The power imbalance in the actors being criticised in the current culture war is striking. Some YouTuber or national level politician is the greatest danger to our democracy, while CIA, DoD, Google, Apple, Facebook, Twitter, PayPal, World Bank, IMF et cetera are barely even mentioned. And all of these great power players display entirely the same values, pretty much without exception. They are completely monolithic, and in all their power they are not alone. Increasing number of other western institutions are starting to display the exact same homogeneous ways of thinking. There is barely any leeway anymore in relation to institutional doctrines of values. Things like intersectional feminism, transgenderism, identity politics based social justice, and eventually perhaps even such issues as veganism, are becoming unquestionable. There are still differences of opinion among individuals, thank God, but governments, media firms, mainline political parties, celebrities and even significant religious orders are all starting to become uniform, espousing the same mind-numbingly simple talking points of political correctness. The amount of cognitive dissonance this level of ideological and worldview solidarity must require is stupefying, and people criticising it are denounced as far-right. They are no such thing. They are just people with a different point of view. They are common people who typically consider feminism annoying and fake, transgenderism unconvincing and identity politics insane. And they are the majority. The left doesn’t seem to be aware of this, which is exactly why the right is currently ascending politically, as well as in social media, where ordinary people drive the discussion. This is also the impetus for the loudening calls for censorship online by many of those aligned with the left.

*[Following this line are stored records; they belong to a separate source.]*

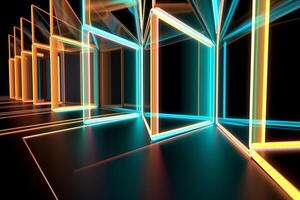 Sleek Modern Geometric Glowing Shapes Outline Background photo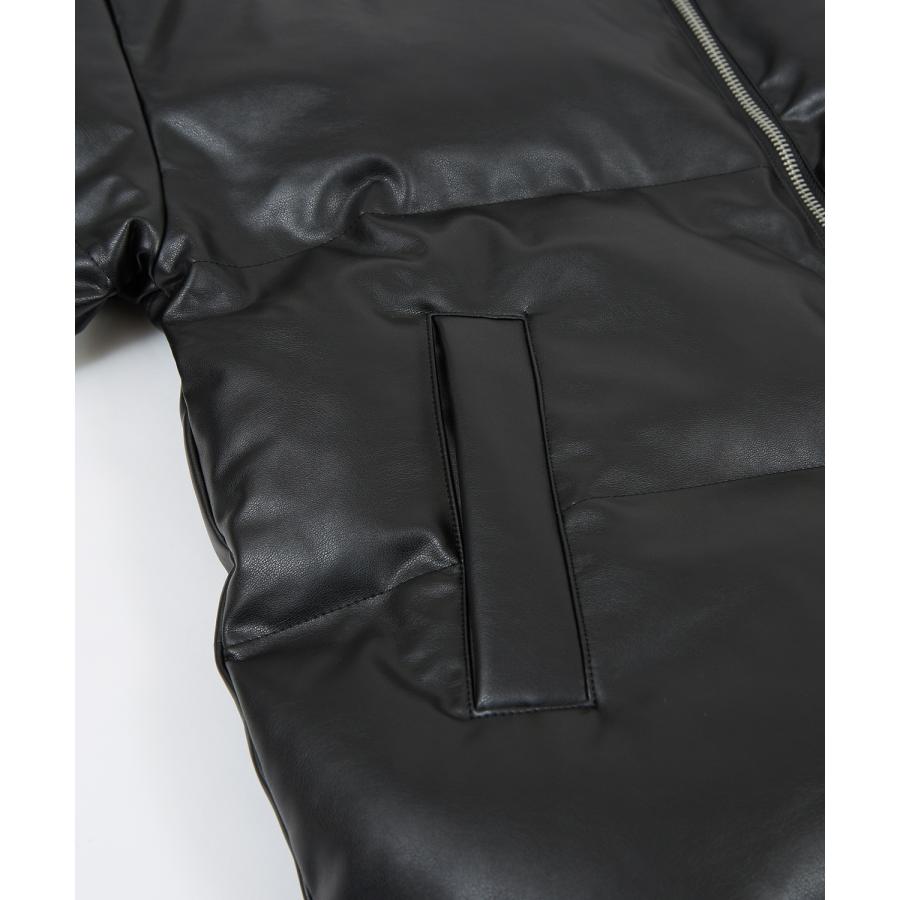 中綿スタンドレザーダウンジャケット メンズ コクーンシルエット 革 大きいサイズ ゆったり ビッグシルエット オーバーサイズ 韓国ファッション ストリート | improves | 11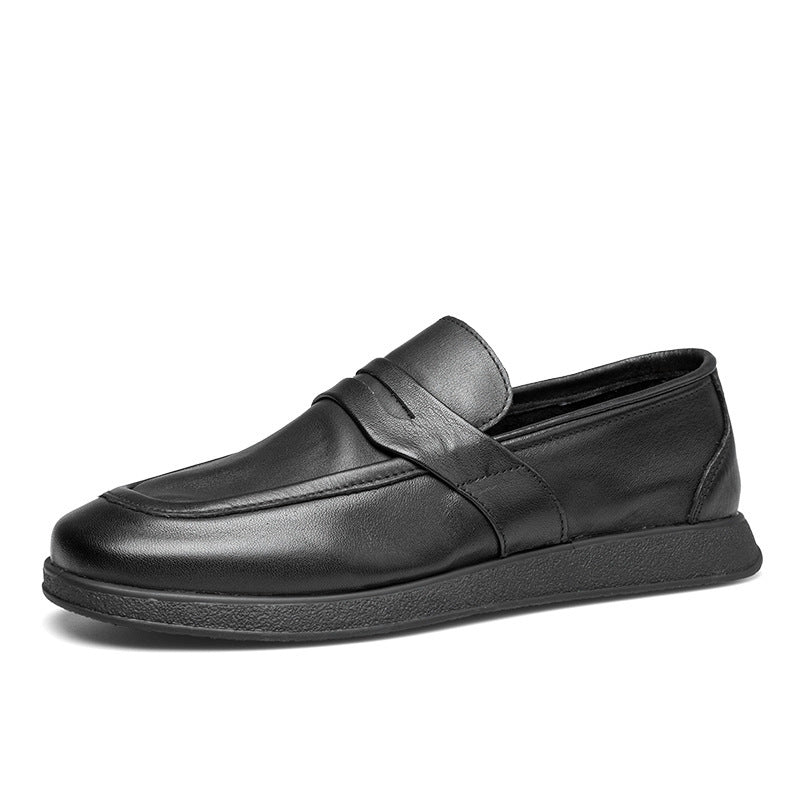 Men's Slip-on Lofter No Lace Breathable Versatile Soft Bottom Leather Shoes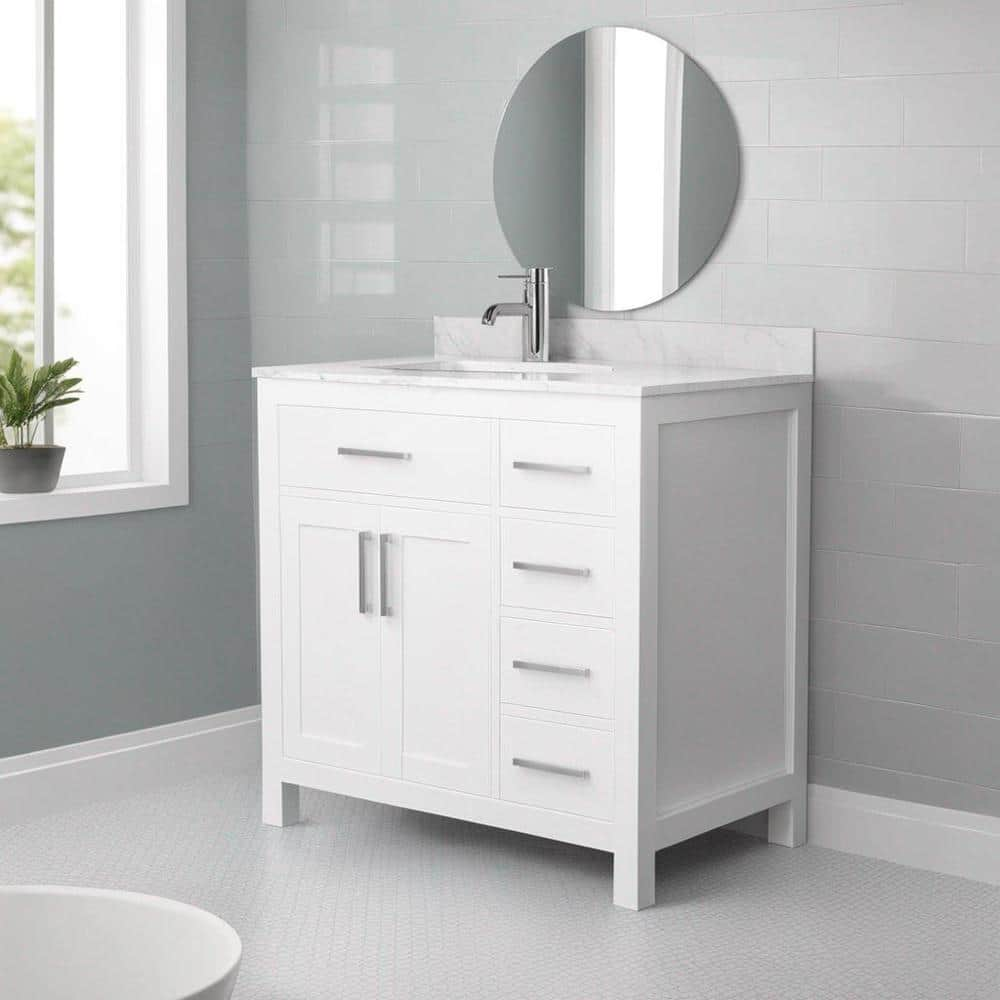 Wyndham Collection Beckett 36 in. W x 22 in. D x 35 in. H Single Sink ...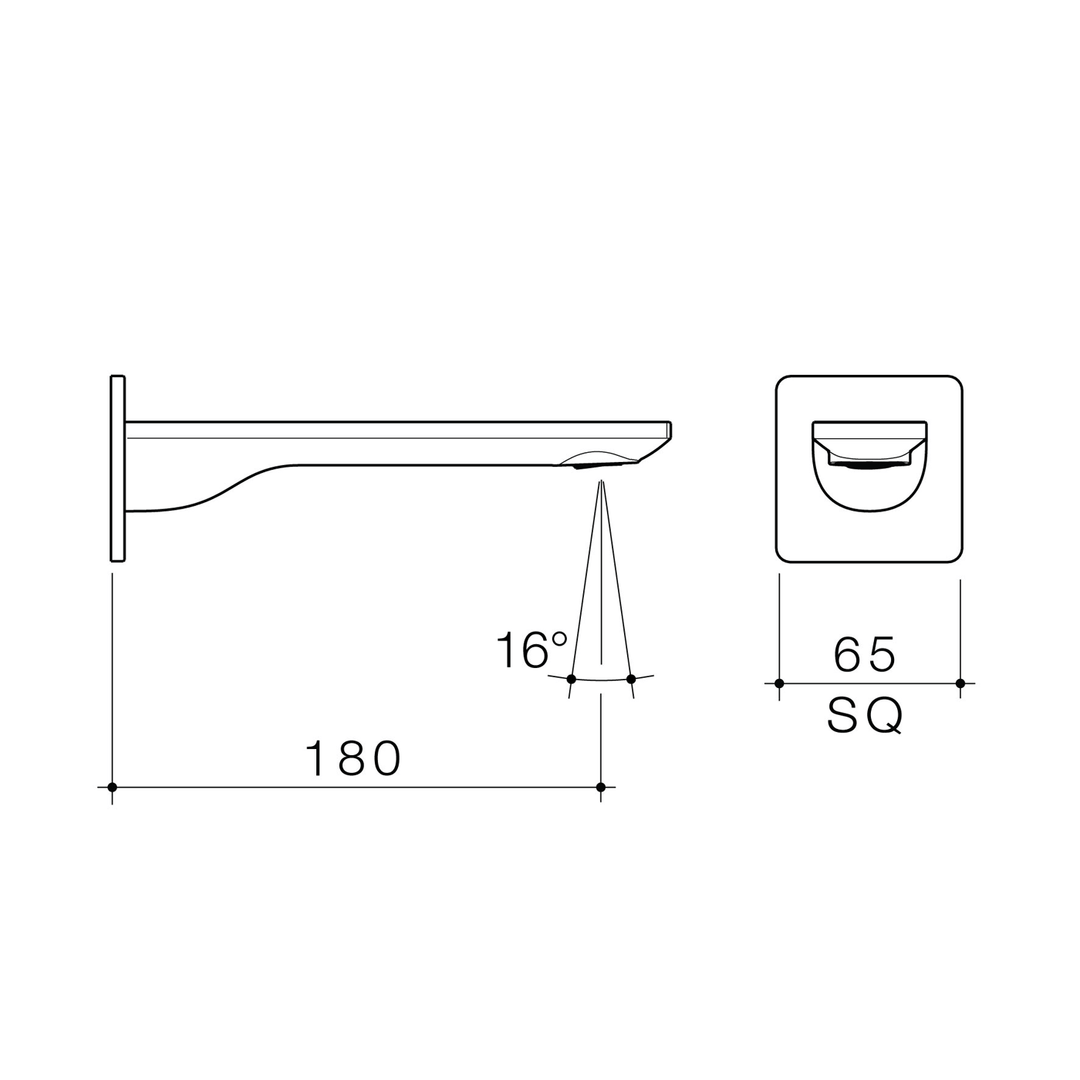 Urbane II Square Wall Spout 180-200mm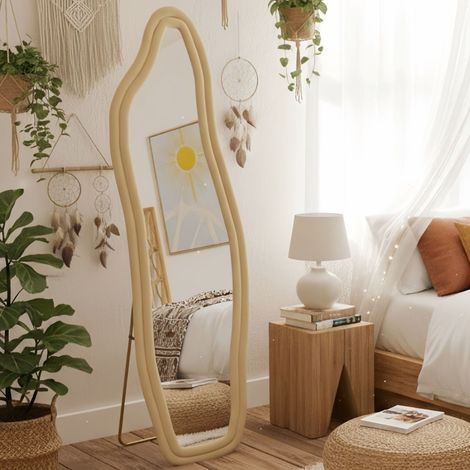 Standspiegel 160x50 cm, asymmetrisch geschwungene Form, Samtkante, Standspiegel mit Halterung, Wandbefestigung möglich, Gold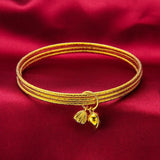 BR162 24KT Bracelet Bangle for Women, Three Laps, Clouds Design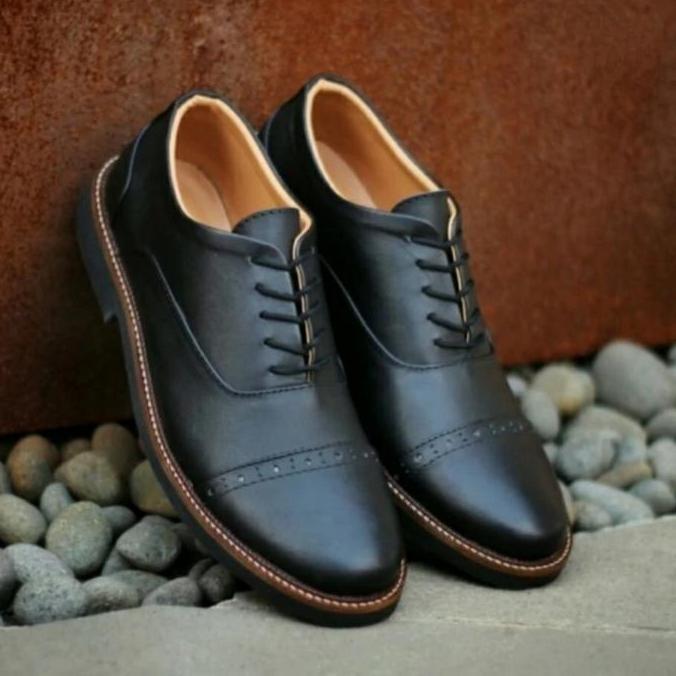 Sepatu Kerja Pria BSize / Pantofel Kulit Asli Kasual JUMBO Ori, 46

One place where this new cultism is fairly prominently displayed is in the novel hipster music festivals, which have hatched in recent years, as well as, to some extent, in the ever multiplying draft beer festivals popping up everywhere. In these events the marriage between corporatism and a markedly New-Agey spiritualism is easily observable. It has its own logos and symbols, rhetorics and ways of speech, accepted ethics, relics and even hymns created by popular music icons who serve as a kind of priesthood for the movement. There is also a very tangible infantility to it all. A kind of Teletubbie-like hedonistic triviality and an unwillingness to engage in a grown up discussion about difficult topics that cause emotional discomfort. All this is doubly worrying because the people in throes of this paradigm, not only believe their opinions and ideas to be quite universal and unquestionable, but also that they themselves are the counterculture. They obviously are not counterculture! They seem more like unwitting stooges of social engineering and corporate manipulation. Look at all the corporatism and corporate advertising in the events. There is nothing counterculture about it! You could not be more mainstream if you tried! Take a look at the sponsors. Large corporations are the ones preparing it all for you. The counterculture has been assimilated into the corporate structure ages ago. The vegetarian food restaurants, comfortable beer lounges, internationally acknowledged rock bands, illustrious artists, miscellaneous t-shirt stands and ”rebellious” tattoo parlors are just merchandise. There is nothing wild, rebellious, individualistic or riskey about it.

Global New Age cult?

Anyone paying attention can see that a sort of corporate New Age spirituality is currently being pushed strongly all over the world. This is particularly evident in Hollywood. Every year a new monied New Age guru pops up from the corporate world or from the movie or music industry. Personalities such as Eckhart Tolle, Oprah Winfrey, Deepak Chopra, Jim Carrey, Arianna Huffington, Marianne Williamson, Marina Abramović, and now even Mike Tyson, are all advocating for the same kind of spiritualised, ego melting, positive psychology gobbledygook. The ego destruction is of course present, as expected, but another conspicuous element of this ideology is its unwillingness to look at negative or dark issues, be them psychological, institutional or social. Here it shares a lot with the establishments disdain for the so called conspiracy theories. Anything concerning, alarming or suspicious, not part of the established narrative or readily discernible, is not to be reflected upon. ”Don’t be negative” goes the mantra. ”It will lower your vibrations” whatever that means. As if enlightenment would come by brainwashing yourself into happiness, no matter the circumstances.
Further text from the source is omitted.